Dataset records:
--- START ---

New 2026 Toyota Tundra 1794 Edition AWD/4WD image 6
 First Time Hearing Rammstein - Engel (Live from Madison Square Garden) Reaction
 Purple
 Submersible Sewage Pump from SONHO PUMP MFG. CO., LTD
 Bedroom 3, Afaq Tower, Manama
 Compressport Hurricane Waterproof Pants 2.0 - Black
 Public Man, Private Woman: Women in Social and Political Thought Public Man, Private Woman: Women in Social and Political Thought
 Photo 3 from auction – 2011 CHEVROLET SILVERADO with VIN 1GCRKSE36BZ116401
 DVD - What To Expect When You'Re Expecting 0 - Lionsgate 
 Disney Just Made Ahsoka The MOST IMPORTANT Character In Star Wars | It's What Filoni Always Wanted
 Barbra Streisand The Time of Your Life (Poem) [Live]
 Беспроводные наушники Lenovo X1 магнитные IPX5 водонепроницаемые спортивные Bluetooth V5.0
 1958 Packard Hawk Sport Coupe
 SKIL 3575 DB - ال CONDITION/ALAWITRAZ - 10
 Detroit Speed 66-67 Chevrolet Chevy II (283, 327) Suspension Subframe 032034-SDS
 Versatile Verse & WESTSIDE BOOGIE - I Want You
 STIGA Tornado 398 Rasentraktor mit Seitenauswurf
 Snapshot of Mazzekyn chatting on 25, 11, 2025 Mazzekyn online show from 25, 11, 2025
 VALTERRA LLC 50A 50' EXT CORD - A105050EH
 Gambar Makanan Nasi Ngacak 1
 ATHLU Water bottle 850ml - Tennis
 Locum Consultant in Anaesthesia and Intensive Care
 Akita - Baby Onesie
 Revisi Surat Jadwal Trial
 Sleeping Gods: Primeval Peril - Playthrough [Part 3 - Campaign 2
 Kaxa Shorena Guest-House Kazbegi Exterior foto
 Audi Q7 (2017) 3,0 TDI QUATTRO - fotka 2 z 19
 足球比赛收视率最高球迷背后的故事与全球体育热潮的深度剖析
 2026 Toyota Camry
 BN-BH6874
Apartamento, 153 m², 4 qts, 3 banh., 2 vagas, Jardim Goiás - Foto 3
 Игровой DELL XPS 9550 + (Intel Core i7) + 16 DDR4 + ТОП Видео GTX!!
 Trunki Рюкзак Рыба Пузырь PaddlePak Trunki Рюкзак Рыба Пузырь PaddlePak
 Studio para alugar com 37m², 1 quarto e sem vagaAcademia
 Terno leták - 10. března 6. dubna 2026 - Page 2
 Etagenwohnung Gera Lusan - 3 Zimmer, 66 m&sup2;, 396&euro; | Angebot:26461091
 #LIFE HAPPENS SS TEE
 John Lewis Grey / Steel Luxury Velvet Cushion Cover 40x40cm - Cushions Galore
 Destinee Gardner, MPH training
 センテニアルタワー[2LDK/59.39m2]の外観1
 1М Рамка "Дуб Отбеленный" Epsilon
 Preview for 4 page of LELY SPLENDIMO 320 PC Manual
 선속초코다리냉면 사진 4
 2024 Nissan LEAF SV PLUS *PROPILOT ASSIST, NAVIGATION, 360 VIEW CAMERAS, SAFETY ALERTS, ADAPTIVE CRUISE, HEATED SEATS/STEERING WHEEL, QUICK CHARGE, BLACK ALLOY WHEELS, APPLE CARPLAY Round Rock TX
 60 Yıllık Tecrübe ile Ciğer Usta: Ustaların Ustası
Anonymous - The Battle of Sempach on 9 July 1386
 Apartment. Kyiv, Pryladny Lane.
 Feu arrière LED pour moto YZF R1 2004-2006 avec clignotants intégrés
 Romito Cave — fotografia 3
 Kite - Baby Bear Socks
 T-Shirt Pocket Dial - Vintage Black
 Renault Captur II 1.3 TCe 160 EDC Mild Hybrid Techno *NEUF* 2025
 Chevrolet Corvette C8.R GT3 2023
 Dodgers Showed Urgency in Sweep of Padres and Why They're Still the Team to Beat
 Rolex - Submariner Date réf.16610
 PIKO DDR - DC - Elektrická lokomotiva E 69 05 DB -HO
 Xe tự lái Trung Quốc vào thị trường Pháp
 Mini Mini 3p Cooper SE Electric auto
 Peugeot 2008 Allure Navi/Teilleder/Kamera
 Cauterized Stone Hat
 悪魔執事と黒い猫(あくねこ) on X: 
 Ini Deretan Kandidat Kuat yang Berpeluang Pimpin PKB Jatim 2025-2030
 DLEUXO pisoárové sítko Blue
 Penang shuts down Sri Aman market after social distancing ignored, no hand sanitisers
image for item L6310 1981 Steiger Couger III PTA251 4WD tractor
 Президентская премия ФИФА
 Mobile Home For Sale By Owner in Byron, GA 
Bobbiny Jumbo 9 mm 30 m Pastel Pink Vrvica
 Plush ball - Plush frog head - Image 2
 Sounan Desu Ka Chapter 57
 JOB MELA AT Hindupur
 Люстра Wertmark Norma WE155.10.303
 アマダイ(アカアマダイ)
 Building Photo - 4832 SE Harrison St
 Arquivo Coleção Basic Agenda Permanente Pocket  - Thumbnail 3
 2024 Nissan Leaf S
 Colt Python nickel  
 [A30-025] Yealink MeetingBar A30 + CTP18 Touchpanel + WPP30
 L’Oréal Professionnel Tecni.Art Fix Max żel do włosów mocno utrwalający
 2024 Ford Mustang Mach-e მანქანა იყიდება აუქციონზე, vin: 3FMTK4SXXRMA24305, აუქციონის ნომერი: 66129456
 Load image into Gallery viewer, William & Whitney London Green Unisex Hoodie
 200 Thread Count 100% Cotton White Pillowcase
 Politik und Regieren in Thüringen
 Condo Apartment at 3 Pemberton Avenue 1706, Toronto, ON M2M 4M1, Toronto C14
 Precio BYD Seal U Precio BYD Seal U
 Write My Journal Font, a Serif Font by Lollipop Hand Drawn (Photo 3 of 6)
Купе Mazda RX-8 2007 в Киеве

--- END ---

WHAT THIS TASK INVOLVES: Using the records above, repeat exactly the lines from the first one through the line with "Revisi Surat Jadwal Trial".

ANSWER SECTION:
New 2026 Toyota Tundra 1794 Edition AWD/4WD image 6
 First Time Hearing Rammstein - Engel (Live from Madison Square Garden) Reaction
 Purple
 Submersible Sewage Pump from SONHO PUMP MFG. CO., LTD
 Bedroom 3, Afaq Tower, Manama
 Compressport Hurricane Waterproof Pants 2.0 - Black
 Public Man, Private Woman: Women in Social and Political Thought Public Man, Private Woman: Women in Social and Political Thought
 Photo 3 from auction – 2011 CHEVROLET SILVERADO with VIN 1GCRKSE36BZ116401
 DVD - What To Expect When You'Re Expecting 0 - Lionsgate 
 Disney Just Made Ahsoka The MOST IMPORTANT Character In Star Wars | It's What Filoni Always Wanted
 Barbra Streisand The Time of Your Life (Poem) [Live]
 Беспроводные наушники Lenovo X1 магнитные IPX5 водонепроницаемые спортивные Bluetooth V5.0
 1958 Packard Hawk Sport Coupe
 SKIL 3575 DB - ال CONDITION/ALAWITRAZ - 10
 Detroit Speed 66-67 Chevrolet Chevy II (283, 327) Suspension Subframe 032034-SDS
 Versatile Verse & WESTSIDE BOOGIE - I Want You
 STIGA Tornado 398 Rasentraktor mit Seitenauswurf
 Snapshot of Mazzekyn chatting on 25, 11, 2025 Mazzekyn online show from 25, 11, 2025
 VALTERRA LLC 50A 50' EXT CORD - A105050EH
 Gambar Makanan Nasi Ngacak 1
 ATHLU Water bottle 850ml - Tennis
 Locum Consultant in Anaesthesia and Intensive Care
 Akita - Baby Onesie
 Revisi Surat Jadwal Trial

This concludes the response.